Gemma2-9B CPT Sahabat-AI v1 Base

Property	Value
Parameter Count	10.2B
Model Type	Decoder
Languages	English, Indonesian, Javanese, Sundanese
Context Length	8192 tokens
License	Gemma Community License
Research Paper	SEA HELM Evaluation Paper

What is gemma2-9b-cpt-sahabatai-v1-base?

Sahabat-AI's Gemma2-9B is a continued pre-trained language model specifically enhanced for Indonesian and regional languages. Built upon the Gemma2 9B architecture, it has been trained on approximately 50B tokens of diverse multilingual data, with a special focus on Indonesian, Javanese, and Sundanese content.

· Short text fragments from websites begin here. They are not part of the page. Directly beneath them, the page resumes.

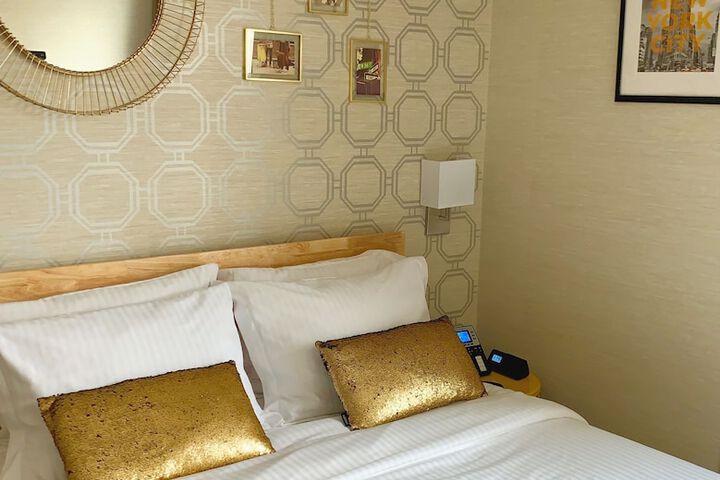 Room 43 of 89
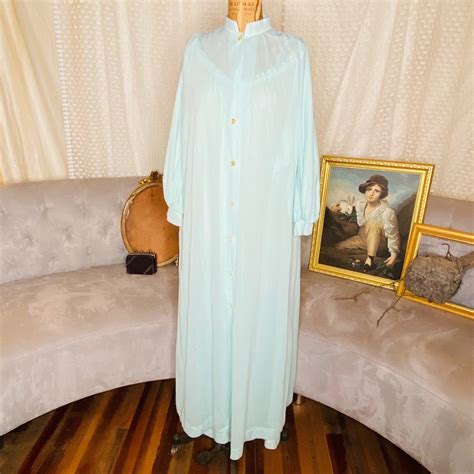 Bert Yelin For Iris Lingerie Baby Blue Peignor Set 1970s High Neck Button Down Robe Nightgown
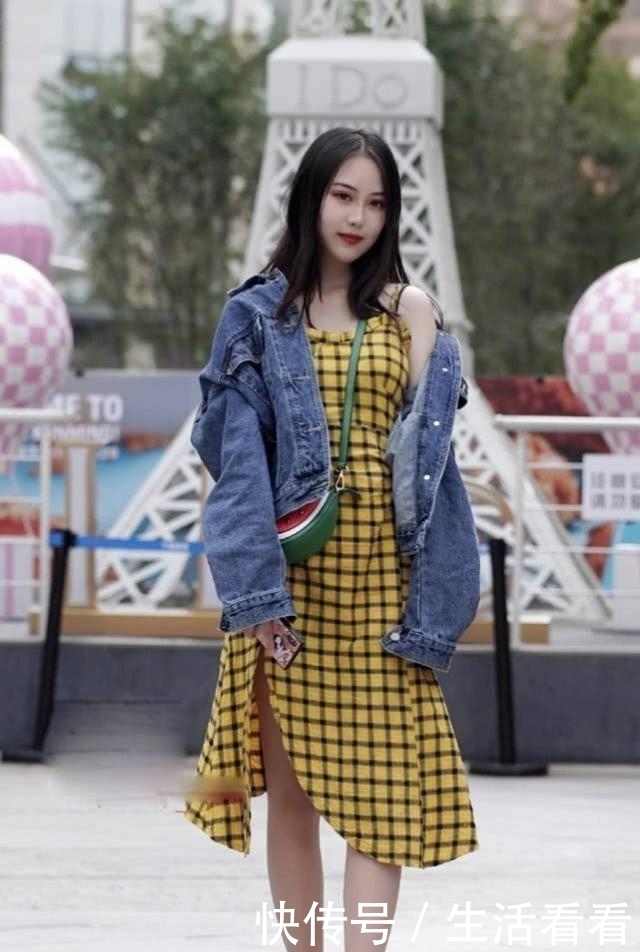 『瑜伽』街拍:白色瑜伽裤非显身材,风姿优雅性感漂亮,更显迷人魅力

The model represents a collaborative effort between GoTo Group and Indosat Ooredoo Hutchison to create a powerful multilingual AI system for Southeast Asian languages.

Implementation Details

The model was trained using MosaicML Composer on 32 Nvidia H100 80GB GPUs over 7 days. It utilizes bfloat16 precision and implements a decoupled AdamW optimizer with weight stable decay scheduling. The training process involved a learning rate of 1.0e-5 and a global batch size of 256.

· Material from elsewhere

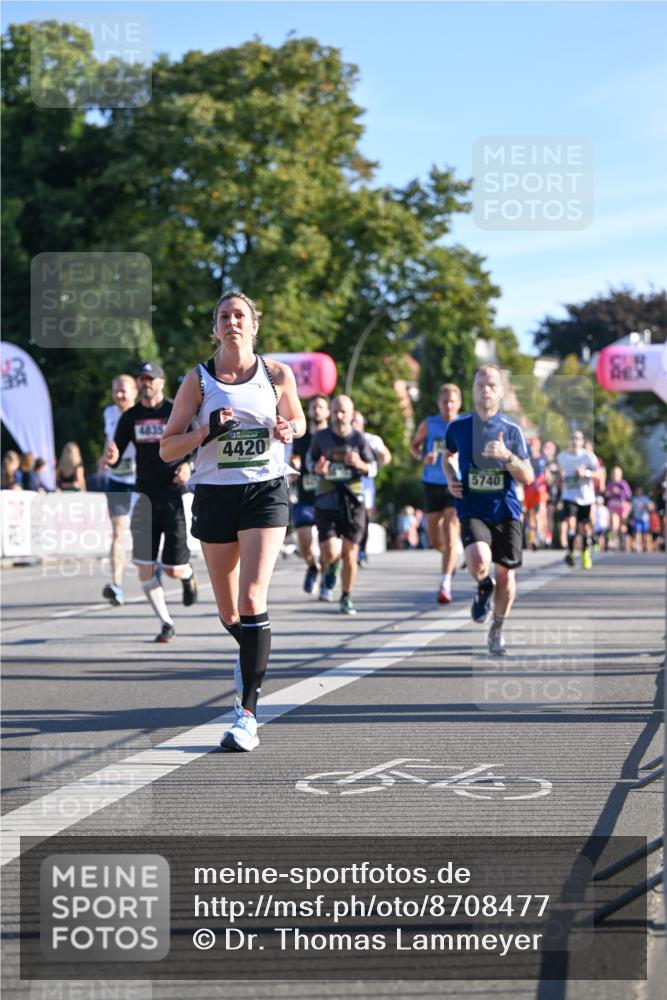 07.09.2025 - BARMER Alsterlauf Dr. Thomas Lammeyer http://msf.ph/oto/8708477 07.09.2025 09:30:52 Laufen 4420, 5740 meine-sportfotos.de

Trained on a diverse dataset including Dolma Refined Web, arXiv, Stack V2, and region-specific content
Implements advanced tokenization using the Gemma-2-9B tokenizer
Supports a context length of 8192 tokens
Achieves state-of-the-art performance on regional language tasks

Core Capabilities

Achieves 64.123% overall performance on SEA HELM benchmark for Indonesian, Javanese, and Sundanese
Shows exceptional performance in Javanese (69.882%) and Sundanese (62.446%) tasks
Maintains strong English language capabilities with 19.62% average score on standard benchmarks
Excels in tasks including Question Answering, Sentiment Analysis, and Translation

Frequently Asked Questions

Q: What makes this model unique?

This model stands out for its specialized optimization for Indonesian and regional languages while maintaining strong general language capabilities. It's the result of extensive continued pre-training on a carefully curated dataset that emphasizes local language content.

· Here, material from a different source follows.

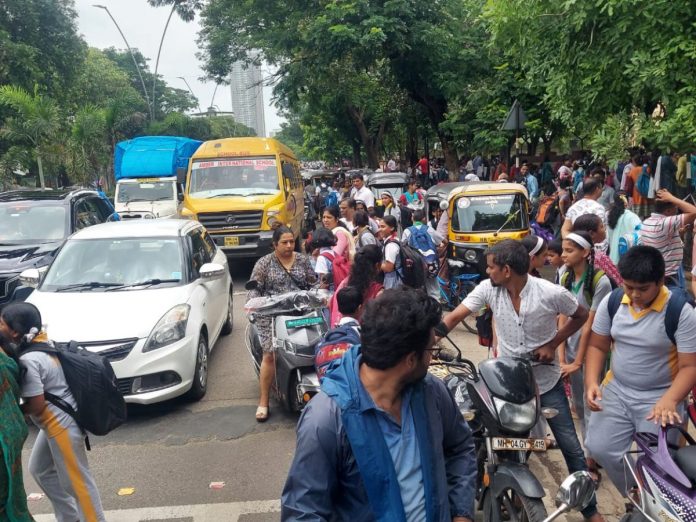 Thane serious traffic problem ON Union Minister, Chief Minister Form thane problem still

Q: What are the recommended use cases?

The model is particularly well-suited for applications requiring deep understanding of Indonesian, Javanese, and Sundanese languages, including content generation, translation, and analysis tasks. However, it's important to note that this is a base model that hasn't been aligned for safety, so developers should implement appropriate safety measures before deployment.